DIRECTIONS → When you reach the line containing "3 Bedroom Flat" in the entries below, begin reproducing lines exactly, and stop once the line containing "こちらは台湾イベントでの頒布後通販も開始されるとの事です" is done.

GIVEN DATA →
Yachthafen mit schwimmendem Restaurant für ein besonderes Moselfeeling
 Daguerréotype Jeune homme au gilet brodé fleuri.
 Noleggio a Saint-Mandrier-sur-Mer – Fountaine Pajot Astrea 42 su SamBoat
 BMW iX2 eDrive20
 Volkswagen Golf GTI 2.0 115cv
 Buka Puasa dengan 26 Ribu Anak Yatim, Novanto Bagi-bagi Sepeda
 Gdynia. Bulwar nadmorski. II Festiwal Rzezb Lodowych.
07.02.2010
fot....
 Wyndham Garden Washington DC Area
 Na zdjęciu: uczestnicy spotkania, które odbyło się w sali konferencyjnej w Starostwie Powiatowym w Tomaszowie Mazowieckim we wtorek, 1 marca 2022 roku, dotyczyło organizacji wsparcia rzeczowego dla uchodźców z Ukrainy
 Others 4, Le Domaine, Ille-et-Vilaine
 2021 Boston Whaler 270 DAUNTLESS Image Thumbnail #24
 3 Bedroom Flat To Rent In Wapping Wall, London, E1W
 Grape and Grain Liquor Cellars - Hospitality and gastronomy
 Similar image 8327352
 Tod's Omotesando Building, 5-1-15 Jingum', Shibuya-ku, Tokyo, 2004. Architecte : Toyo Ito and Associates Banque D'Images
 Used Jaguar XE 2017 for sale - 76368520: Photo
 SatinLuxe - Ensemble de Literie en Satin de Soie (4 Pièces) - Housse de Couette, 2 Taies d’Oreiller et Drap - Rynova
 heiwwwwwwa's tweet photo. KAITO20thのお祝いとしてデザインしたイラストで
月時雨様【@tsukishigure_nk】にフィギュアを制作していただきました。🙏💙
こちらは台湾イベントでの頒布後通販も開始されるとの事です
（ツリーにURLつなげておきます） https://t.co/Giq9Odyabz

ANSWER SPACE →
 3 Bedroom Flat To Rent In Wapping Wall, London, E1W
 Grape and Grain Liquor Cellars - Hospitality and gastronomy
 Similar image 8327352
 Tod's Omotesando Building, 5-1-15 Jingum', Shibuya-ku, Tokyo, 2004. Architecte : Toyo Ito and Associates Banque D'Images
 Used Jaguar XE 2017 for sale - 76368520: Photo
 SatinLuxe - Ensemble de Literie en Satin de Soie (4 Pièces) - Housse de Couette, 2 Taies d’Oreiller et Drap - Rynova
 heiwwwwwwa's tweet photo. KAITO20thのお祝いとしてデザインしたイラストで
月時雨様【@tsukishigure_nk】にフィギュアを制作していただきました。🙏💙
こちらは台湾イベントでの頒布後通販も開始されるとの事です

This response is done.